### Task brief
Copy, word for word, the line containing "2017 BMW X1 xDrive28i" and each line that follows it in the entries below; pictures do not belong in the copy.

*** Available records Section Begins ***

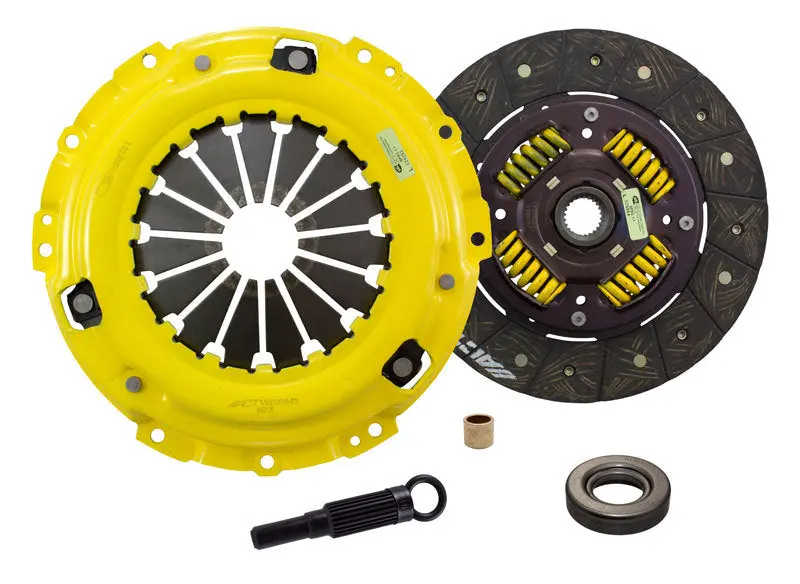 Act Hd/Perf Street Sprung Clutch Kit 1991-1998 Nissan Silvia / 1990-1997 Bluebird Sss Attessa (Jdm) 1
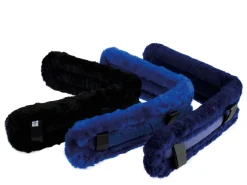 Best finntack Pro pad til gjord i fleece Black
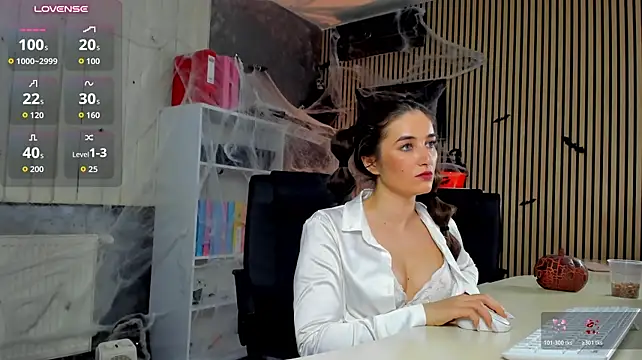 OfficeGirls - make my kitty soaked time🌊💦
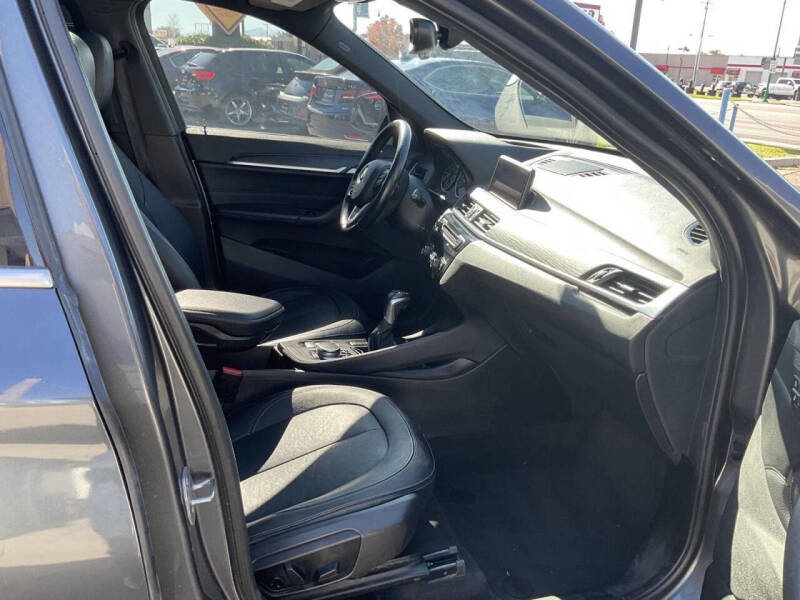 2017 BMW X1 xDrive28i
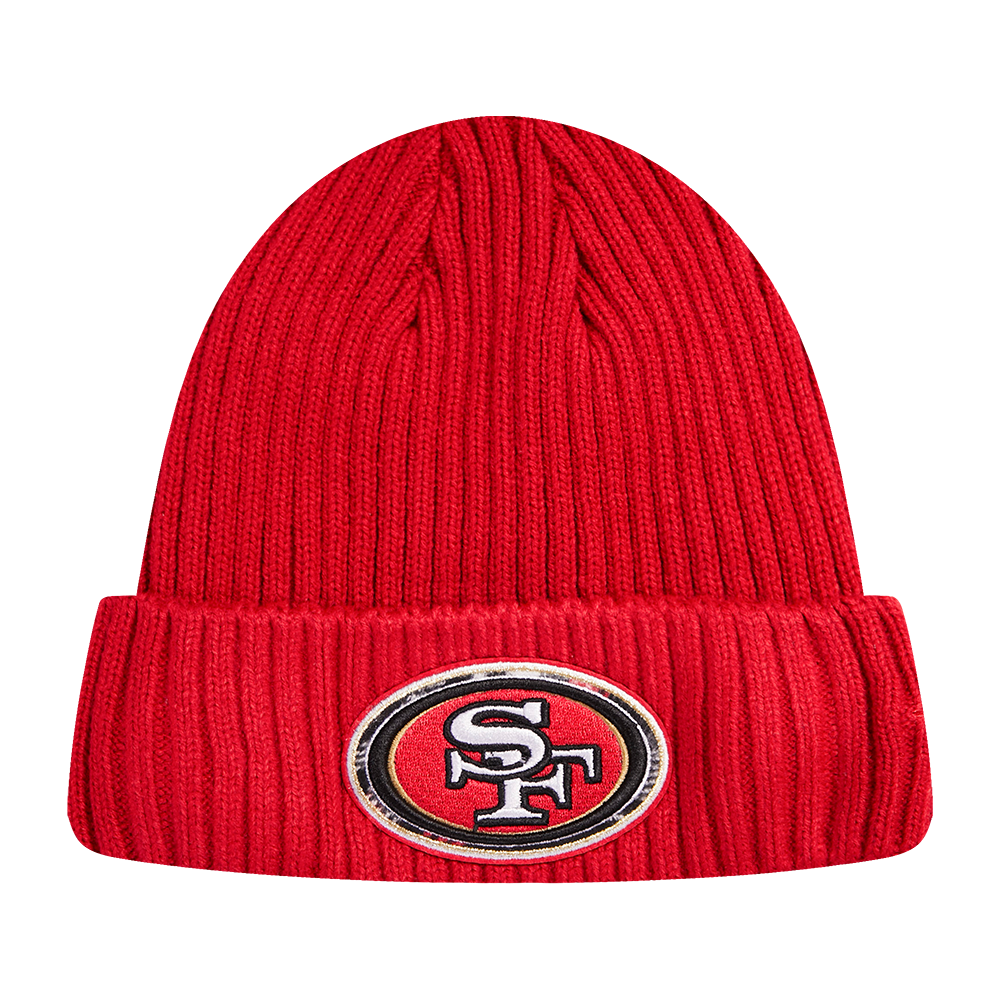 GORRO NFL SAN FRANCISCO 49ERS PRO PREP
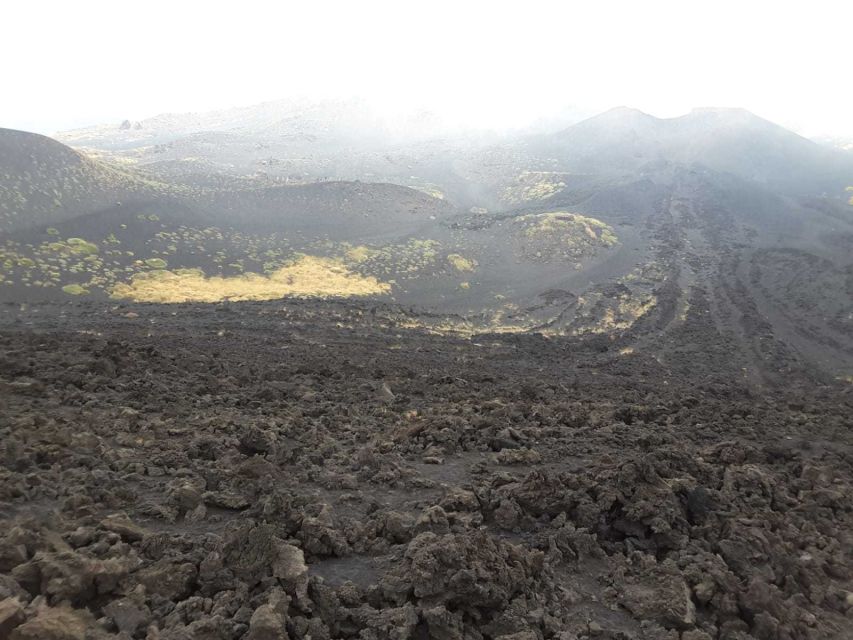 Etna Private Sunset Tour with Prosecco - Guide Style and Photography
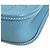 Hermès Pochette/Sacchetto a tracolla Hermes Evelyn TPM 16 in blu - vista 6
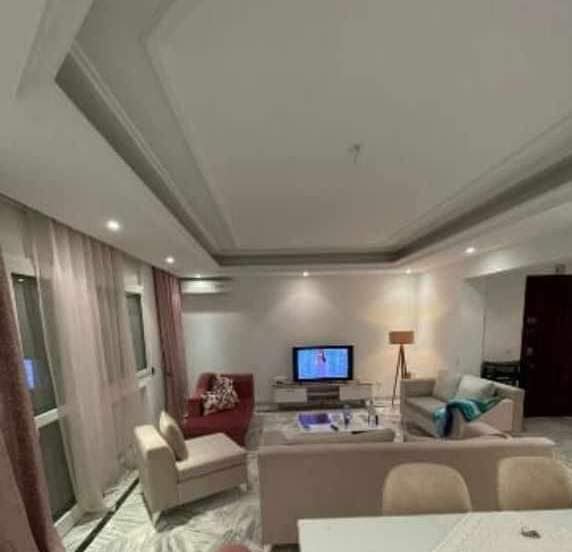 Ariana Ville El Menzah 8 Location Appart. 3 pices Un appartement s3 spacieux et lumineux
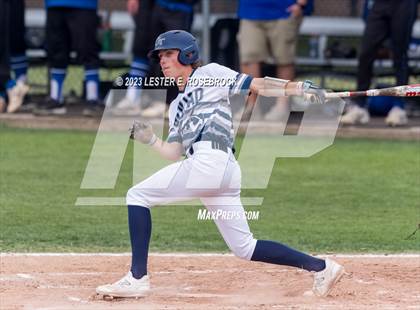Thumbnail 3 in Santa Gertrudis Academy @ Goliad (UIL 3A Bi-District Playoffs) photogallery.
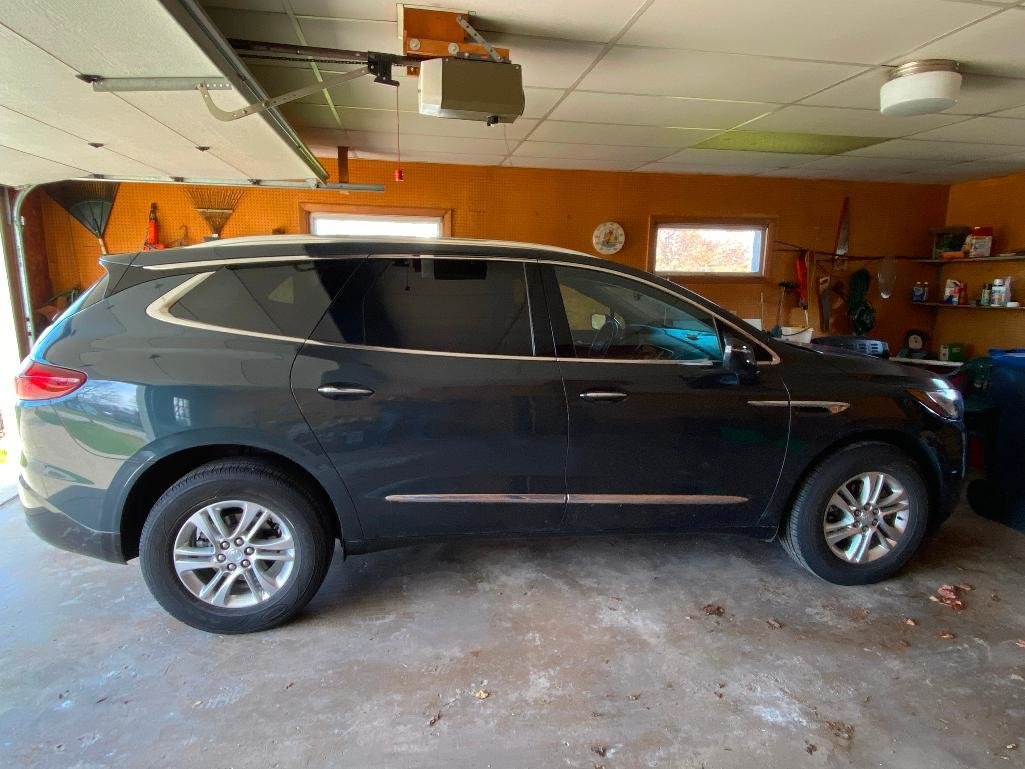 Image for 1957 Chevy Bel Air, 2018 Buick Enclave, Furniture, Collectibles, Household-Algoma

*** Available records Section Ends ***

### Solution below
 2017 BMW X1 xDrive28i
 GORRO NFL SAN FRANCISCO 49ERS PRO PREP
 Etna Private Sunset Tour with Prosecco - Guide Style and Photography
 Hermès Pochette/Sacchetto a tracolla Hermes Evelyn TPM 16 in blu - vista 6
 Ariana Ville El Menzah 8 Location Appart. 3 pices Un appartement s3 spacieux et lumineux
Thumbnail 3 in Santa Gertrudis Academy @ Goliad (UIL 3A Bi-District Playoffs) photogallery.
 Image for 1957 Chevy Bel Air, 2018 Buick Enclave, Furniture, Collectibles, Household-Algoma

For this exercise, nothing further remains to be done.